# Chern-Simons, General relativity, and notations

Consider the Einstein-Maxwell-dilaton theory with an additional Chern-Simons term as in this paper

$$$$S = \int d^4 \sqrt{-g} \left[ \frac{1}{2} R - \frac{1}{2} (\partial\varphi)^2 - \frac{\tau(\varphi)}{4} F^2 - V(\varphi) \right] -\frac{1}{2} \int \theta(\varphi) F\wedge F.$$$$ with $$F=d A$$ being the field strength.
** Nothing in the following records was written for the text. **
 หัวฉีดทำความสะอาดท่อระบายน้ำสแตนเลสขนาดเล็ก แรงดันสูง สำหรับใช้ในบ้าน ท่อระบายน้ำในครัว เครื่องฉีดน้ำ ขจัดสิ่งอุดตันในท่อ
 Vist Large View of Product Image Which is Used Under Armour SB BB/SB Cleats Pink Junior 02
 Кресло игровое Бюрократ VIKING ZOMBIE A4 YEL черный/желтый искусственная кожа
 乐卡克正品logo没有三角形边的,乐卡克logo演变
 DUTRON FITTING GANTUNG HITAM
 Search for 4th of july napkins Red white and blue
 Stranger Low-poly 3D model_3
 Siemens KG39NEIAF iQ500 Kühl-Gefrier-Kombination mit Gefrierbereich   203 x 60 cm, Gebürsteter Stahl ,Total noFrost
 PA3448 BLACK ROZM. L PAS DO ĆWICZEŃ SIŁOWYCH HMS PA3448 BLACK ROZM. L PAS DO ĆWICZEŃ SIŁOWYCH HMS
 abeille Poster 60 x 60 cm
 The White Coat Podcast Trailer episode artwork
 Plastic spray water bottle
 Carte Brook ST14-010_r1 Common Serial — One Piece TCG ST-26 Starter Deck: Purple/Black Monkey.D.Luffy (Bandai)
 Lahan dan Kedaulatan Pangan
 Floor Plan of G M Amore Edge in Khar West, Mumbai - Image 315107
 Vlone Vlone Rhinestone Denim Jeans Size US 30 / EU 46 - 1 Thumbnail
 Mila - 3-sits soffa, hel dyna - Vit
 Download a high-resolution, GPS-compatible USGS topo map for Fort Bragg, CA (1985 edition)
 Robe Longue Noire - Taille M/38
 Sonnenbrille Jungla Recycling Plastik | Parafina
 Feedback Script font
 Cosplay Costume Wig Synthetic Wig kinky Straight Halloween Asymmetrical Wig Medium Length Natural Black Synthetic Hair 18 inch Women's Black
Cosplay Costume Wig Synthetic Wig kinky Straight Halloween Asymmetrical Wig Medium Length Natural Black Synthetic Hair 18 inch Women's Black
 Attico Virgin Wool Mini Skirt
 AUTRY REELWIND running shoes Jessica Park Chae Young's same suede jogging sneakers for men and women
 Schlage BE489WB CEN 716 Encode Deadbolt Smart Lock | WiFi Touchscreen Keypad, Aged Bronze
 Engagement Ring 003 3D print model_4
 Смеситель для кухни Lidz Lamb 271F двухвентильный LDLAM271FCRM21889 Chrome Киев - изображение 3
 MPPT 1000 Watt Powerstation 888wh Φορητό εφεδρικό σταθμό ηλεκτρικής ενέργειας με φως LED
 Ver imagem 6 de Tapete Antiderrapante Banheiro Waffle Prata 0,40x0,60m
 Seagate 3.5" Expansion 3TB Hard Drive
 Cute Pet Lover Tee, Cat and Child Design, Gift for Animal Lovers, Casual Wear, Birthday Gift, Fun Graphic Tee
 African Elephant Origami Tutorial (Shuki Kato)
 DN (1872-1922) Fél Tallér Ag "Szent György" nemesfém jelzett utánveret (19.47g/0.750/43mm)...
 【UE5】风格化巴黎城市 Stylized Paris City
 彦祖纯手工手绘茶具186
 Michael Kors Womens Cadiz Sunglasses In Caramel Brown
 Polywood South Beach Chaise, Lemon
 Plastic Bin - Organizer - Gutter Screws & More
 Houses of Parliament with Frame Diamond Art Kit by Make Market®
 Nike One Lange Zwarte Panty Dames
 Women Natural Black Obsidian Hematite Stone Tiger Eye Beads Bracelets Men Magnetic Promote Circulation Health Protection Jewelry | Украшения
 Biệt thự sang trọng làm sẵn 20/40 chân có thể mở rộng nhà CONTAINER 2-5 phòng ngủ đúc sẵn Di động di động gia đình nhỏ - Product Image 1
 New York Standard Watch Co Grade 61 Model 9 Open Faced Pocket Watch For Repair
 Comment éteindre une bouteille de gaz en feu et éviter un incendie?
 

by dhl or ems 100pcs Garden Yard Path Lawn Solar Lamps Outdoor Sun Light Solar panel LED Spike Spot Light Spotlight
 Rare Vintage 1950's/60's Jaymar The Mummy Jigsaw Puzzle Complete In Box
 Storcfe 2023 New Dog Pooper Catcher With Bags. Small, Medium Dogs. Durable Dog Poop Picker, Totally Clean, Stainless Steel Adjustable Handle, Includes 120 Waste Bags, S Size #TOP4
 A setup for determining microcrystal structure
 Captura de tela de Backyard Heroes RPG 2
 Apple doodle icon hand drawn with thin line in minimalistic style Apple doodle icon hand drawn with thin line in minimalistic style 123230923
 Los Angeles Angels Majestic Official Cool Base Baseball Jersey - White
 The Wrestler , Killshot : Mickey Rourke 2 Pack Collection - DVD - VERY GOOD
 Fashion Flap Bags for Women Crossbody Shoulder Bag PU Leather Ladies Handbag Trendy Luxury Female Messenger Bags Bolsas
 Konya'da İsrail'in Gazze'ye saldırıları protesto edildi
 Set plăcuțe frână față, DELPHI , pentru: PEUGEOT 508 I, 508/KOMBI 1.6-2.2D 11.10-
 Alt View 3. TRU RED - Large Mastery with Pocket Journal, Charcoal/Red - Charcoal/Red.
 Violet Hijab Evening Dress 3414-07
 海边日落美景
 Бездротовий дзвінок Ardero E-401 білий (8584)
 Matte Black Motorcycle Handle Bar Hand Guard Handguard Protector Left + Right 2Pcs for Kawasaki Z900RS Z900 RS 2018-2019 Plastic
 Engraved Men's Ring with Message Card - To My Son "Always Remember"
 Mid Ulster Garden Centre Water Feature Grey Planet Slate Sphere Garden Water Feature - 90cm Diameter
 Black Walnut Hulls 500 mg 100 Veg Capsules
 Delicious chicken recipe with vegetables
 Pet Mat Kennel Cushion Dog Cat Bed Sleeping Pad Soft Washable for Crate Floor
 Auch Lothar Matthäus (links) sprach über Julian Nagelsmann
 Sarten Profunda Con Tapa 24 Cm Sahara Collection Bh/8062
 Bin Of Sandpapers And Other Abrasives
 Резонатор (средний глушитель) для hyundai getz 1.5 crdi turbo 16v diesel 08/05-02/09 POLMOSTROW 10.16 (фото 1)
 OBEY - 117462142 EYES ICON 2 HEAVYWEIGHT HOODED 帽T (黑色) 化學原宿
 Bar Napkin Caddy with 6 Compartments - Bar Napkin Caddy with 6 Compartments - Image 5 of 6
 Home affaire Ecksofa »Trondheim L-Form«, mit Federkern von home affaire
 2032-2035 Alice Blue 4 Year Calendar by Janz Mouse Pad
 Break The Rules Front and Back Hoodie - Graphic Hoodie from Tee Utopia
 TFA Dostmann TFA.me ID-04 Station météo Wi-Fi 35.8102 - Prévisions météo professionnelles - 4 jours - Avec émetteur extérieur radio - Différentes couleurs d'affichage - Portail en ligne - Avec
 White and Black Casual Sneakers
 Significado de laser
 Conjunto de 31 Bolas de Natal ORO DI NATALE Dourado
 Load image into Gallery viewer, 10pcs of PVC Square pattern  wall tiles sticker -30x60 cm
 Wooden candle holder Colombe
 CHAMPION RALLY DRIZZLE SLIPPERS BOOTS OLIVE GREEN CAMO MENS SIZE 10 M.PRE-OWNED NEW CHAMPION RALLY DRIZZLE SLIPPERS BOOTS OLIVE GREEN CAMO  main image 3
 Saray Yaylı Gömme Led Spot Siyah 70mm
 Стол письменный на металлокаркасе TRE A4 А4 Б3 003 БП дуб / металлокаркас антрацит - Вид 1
Take for example the gauge equations:

$$$$d(\tau\star F + \theta F) =0.$$$$

I have two questions coming from my ignorance on the topic:

1. What does the operation $$\wedge$$ mean and what is the explicit expression for $$F \wedge F$$?
2. What does the operation $$\star$$ mean and what is the explicit expression for $$\tau\star F$$?

The $$\wedge$$ in $$F\wedge F$$ is the wedge product of two copies of the curvature 2-form $$F= \frac 12 F_{\mu\nu} dx^\mu \wedge dx^\nu=dA.$$ where $$A= A_\mu dx^\mu$$ and $$dA= d(A_\nu dx^\nu ) = (\partial_\mu A_\nu) dx^\mu\wedge dx^\nu= \frac 12 (\partial_\mu A_\nu-\partial_\nu A_\mu) dx^\mu\wedge dx^\nu.$$ Thus $$F\wedge F= \frac 14 F_{\mu\nu}F_{\rho\sigma}dx^\mu \wedge dx^\nu \wedge dx^\rho\wedge dx^\sigma = \frac 14 \epsilon^{\mu\nu\rho\sigma} F_{\mu\nu}F_{\rho\sigma}d^4x$$
The $$\star$$ is the Hodge star dual and $$\tau$$ is just multiplication by the function $$\tau(\phi)$$.